Gelezen in NRC Handelsblad van 29 mei 2008:
Een klein nichtje van me is acuut opgenomen in het ziekenhuis. Ze droogde te snel uit. Dezelfde dag valt m’n oog op een passage in ‘The Ghost Map’ van Steven Johnson over de gevolgen van cholera (niet dat m’n nichtje aan cholera zou lijden, gelukkig niet). Op bladzijde 38 lees ik dat die gevolgen neerkomen om dehydratie – snelle uitdroging van het menselijk lichaam. En ik lees verder: "Dying of dehydration is, in a sense, an abomination against the very origins of life on earth. Our ancestors evolved first in the oceans of the young planet, and while some organisms managed to adapt to life on the land, our bodies retain a genetic memory of their watery origin. Fertilization for all animals takes place in some form of water; embryos float in the womb; human blood has almost the same concentration of salts as seawater."

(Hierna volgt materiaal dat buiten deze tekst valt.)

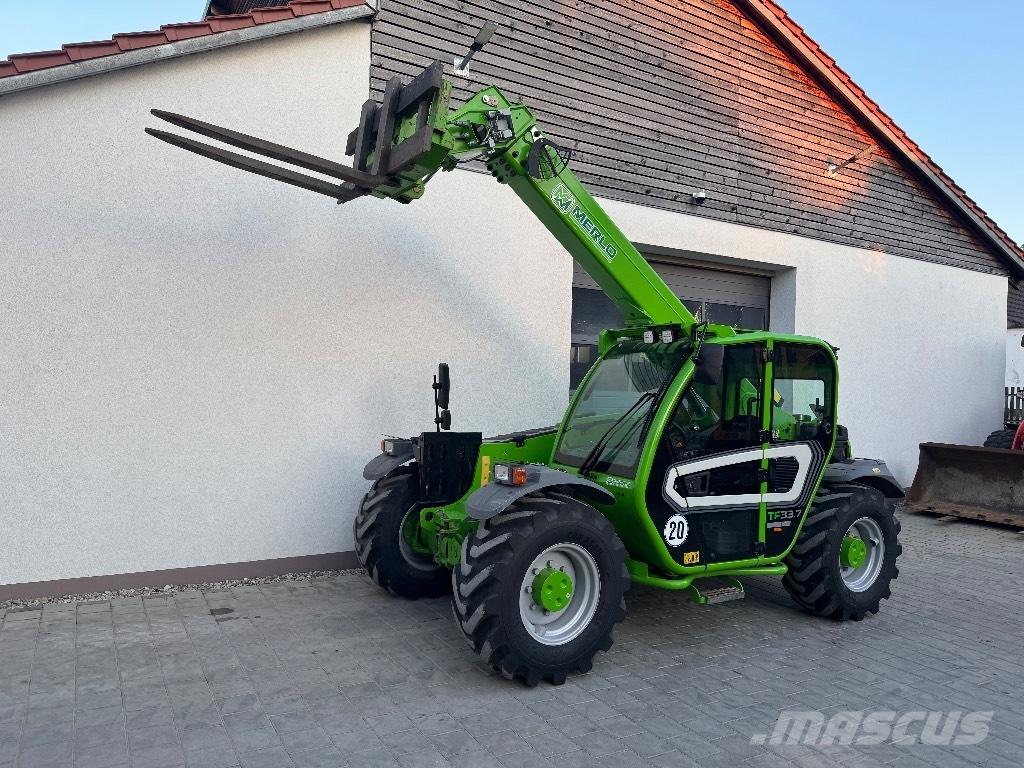 Merlo TF 33.7 伸縮臂操作車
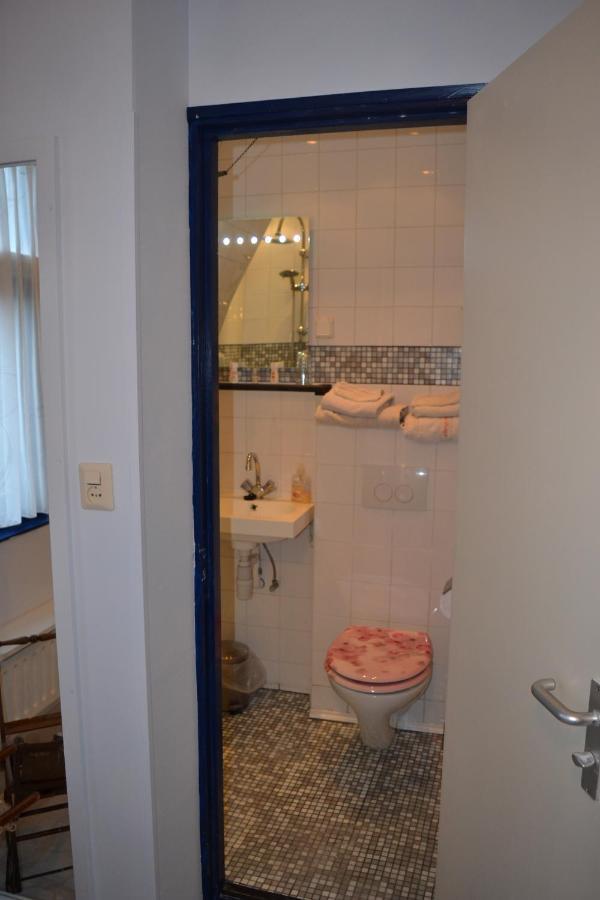 Double Room Private External Bathroom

Weer een paar dagen later lees ik in NRC Handelsblad op de wetenschapspagina over de unieke vondst van een fossiel van een vis ergens in het noordwesten van Australië, "de oudste moeder ooit." Het blijkt te gaan om een gefossiliseerd vrouwtje van een 380 miljoen jaar oude pantservis, die in haar buik een embryo draagt aan een haarfijne navelstreng. "De vis, een nieuwe soort, is met afstand het oudst bekende dier waarvan aangetoond is dat ze levende jongen baarde." Australische paleontologen graven al tientallen jaren in de Gogo Rif Formatie in het noordwesten van het immense land. Ooit was dit een koraalrif voor de kust van het oercontinent Gondwana.
Van Vis tot Stedelijk Dier. De mens evolueert snel. Steeds sneller. Om over na te denken. Tijdens de vakantie. Aan zee.